(Source data)
▬▬▬

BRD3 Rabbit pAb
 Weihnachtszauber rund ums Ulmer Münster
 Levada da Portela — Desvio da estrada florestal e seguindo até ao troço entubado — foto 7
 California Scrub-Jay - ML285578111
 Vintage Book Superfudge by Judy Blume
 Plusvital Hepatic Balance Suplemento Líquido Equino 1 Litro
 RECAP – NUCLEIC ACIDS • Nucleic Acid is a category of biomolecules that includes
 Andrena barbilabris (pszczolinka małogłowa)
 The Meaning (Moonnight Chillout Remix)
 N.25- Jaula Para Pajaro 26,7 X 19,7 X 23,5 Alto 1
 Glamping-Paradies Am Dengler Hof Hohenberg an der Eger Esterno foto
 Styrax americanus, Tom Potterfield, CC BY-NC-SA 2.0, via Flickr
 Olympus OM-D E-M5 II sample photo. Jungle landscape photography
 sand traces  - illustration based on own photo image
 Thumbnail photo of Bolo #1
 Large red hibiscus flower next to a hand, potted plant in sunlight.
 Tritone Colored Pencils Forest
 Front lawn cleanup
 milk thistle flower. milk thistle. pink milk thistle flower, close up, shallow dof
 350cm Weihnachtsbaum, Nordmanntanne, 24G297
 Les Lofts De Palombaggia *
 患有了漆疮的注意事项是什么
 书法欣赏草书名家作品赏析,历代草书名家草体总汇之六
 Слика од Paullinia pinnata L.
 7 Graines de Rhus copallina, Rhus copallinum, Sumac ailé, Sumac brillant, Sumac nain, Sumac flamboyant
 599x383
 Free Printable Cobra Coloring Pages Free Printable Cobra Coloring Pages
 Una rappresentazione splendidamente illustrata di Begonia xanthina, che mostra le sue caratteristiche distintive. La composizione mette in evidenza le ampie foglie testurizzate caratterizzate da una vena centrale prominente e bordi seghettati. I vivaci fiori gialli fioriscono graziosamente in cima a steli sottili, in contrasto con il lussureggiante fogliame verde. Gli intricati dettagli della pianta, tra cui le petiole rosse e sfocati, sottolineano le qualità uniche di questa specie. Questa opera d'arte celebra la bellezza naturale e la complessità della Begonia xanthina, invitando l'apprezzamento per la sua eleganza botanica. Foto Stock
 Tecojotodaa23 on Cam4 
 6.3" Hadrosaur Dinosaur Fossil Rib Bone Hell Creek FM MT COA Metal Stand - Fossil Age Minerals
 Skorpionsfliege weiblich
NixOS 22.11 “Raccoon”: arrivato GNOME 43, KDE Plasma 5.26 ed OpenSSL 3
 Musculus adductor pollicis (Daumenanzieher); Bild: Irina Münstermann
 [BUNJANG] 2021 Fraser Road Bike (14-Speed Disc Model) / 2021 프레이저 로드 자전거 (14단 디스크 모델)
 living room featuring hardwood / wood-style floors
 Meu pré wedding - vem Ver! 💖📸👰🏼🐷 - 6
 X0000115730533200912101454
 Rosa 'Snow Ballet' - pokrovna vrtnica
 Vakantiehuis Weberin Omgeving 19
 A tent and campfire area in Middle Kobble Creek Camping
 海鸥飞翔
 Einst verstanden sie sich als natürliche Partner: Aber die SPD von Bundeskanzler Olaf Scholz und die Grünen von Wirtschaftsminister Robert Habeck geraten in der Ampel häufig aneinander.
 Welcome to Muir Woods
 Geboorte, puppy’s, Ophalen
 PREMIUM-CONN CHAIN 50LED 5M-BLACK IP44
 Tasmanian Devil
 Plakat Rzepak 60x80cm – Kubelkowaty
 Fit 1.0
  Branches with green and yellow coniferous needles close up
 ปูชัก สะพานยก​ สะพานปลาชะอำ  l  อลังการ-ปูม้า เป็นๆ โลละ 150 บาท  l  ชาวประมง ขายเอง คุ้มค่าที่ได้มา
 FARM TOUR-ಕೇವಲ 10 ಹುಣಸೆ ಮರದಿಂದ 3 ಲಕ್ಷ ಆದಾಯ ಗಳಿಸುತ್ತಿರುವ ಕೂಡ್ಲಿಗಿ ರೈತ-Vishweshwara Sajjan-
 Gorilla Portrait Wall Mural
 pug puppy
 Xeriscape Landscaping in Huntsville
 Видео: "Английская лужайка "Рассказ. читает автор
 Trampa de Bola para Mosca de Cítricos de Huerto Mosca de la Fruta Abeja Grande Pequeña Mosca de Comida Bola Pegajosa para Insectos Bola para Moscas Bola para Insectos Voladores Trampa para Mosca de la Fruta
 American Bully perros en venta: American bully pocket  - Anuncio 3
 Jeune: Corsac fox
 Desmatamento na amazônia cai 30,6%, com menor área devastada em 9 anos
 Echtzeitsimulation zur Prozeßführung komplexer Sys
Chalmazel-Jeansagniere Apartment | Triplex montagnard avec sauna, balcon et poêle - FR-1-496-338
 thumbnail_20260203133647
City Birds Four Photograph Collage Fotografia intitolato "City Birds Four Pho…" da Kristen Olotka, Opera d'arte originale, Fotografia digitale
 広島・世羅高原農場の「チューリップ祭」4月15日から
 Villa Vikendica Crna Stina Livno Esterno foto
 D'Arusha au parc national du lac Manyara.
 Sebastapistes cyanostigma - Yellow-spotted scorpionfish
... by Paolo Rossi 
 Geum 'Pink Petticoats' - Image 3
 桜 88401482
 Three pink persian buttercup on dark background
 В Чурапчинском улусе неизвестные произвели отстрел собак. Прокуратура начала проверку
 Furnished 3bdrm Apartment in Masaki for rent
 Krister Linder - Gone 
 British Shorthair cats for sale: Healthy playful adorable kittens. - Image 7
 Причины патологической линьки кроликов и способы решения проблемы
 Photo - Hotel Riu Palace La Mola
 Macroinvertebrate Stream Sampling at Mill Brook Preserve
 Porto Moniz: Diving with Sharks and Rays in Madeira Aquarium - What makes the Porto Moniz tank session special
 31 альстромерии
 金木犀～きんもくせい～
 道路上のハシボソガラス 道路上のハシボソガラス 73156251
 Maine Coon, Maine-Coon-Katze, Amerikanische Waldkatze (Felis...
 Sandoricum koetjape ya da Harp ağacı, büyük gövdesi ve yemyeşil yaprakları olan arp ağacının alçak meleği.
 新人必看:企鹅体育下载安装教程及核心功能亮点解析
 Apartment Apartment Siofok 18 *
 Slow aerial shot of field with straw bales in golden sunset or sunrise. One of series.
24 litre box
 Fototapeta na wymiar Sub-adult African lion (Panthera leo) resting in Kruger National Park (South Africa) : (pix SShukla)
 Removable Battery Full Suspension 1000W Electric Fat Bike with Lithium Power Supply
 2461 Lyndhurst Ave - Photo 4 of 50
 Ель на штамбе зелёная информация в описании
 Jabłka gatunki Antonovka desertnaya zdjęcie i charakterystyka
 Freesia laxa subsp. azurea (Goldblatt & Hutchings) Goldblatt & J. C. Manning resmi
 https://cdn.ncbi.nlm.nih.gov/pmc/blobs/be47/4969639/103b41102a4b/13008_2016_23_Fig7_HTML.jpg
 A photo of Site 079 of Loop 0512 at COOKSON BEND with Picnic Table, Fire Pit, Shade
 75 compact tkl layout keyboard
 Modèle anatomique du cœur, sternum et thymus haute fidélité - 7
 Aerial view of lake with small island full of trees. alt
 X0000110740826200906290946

▬▬▬

Word for word, restate the lines of the data above that fall between the line holding "Branches with green" and the line holding "Sandoricum koetjape ya", inclusive, and no other lines.

  Branches with green and yellow coniferous needles close up
 ปูชัก สะพานยก​ สะพานปลาชะอำ  l  อลังการ-ปูม้า เป็นๆ โลละ 150 บาท  l  ชาวประมง ขายเอง คุ้มค่าที่ได้มา
 FARM TOUR-ಕೇವಲ 10 ಹುಣಸೆ ಮರದಿಂದ 3 ಲಕ್ಷ ಆದಾಯ ಗಳಿಸುತ್ತಿರುವ ಕೂಡ್ಲಿಗಿ ರೈತ-Vishweshwara Sajjan-
 Gorilla Portrait Wall Mural
 pug puppy
 Xeriscape Landscaping in Huntsville
 Видео: "Английская лужайка "Рассказ. читает автор
 Trampa de Bola para Mosca de Cítricos de Huerto Mosca de la Fruta Abeja Grande Pequeña Mosca de Comida Bola Pegajosa para Insectos Bola para Moscas Bola para Insectos Voladores Trampa para Mosca de la Fruta
 American Bully perros en venta: American bully pocket  - Anuncio 3
 Jeune: Corsac fox
 Desmatamento na amazônia cai 30,6%, com menor área devastada em 9 anos
 Echtzeitsimulation zur Prozeßführung komplexer Sys
Chalmazel-Jeansagniere Apartment | Triplex montagnard avec sauna, balcon et poêle - FR-1-496-338
 thumbnail_20260203133647
City Birds Four Photograph Collage Fotografia intitolato "City Birds Four Pho…" da Kristen Olotka, Opera d'arte originale, Fotografia digitale
 広島・世羅高原農場の「チューリップ祭」4月15日から
 Villa Vikendica Crna Stina Livno Esterno foto
 D'Arusha au parc national du lac Manyara.
 Sebastapistes cyanostigma - Yellow-spotted scorpionfish
... by Paolo Rossi 
 Geum 'Pink Petticoats' - Image 3
 桜 88401482
 Three pink persian buttercup on dark background
 В Чурапчинском улусе неизвестные произвели отстрел собак. Прокуратура начала проверку
 Furnished 3bdrm Apartment in Masaki for rent
 Krister Linder - Gone 
 British Shorthair cats for sale: Healthy playful adorable kittens. - Image 7
 Причины патологической линьки кроликов и способы решения проблемы
 Photo - Hotel Riu Palace La Mola
 Macroinvertebrate Stream Sampling at Mill Brook Preserve
 Porto Moniz: Diving with Sharks and Rays in Madeira Aquarium - What makes the Porto Moniz tank session special
 31 альстромерии
 金木犀～きんもくせい～
 道路上のハシボソガラス 道路上のハシボソガラス 73156251
 Maine Coon, Maine-Coon-Katze, Amerikanische Waldkatze (Felis...
 Sandoricum koetjape ya da Harp ağacı, büyük gövdesi ve yemyeşil yaprakları olan arp ağacının alçak meleği.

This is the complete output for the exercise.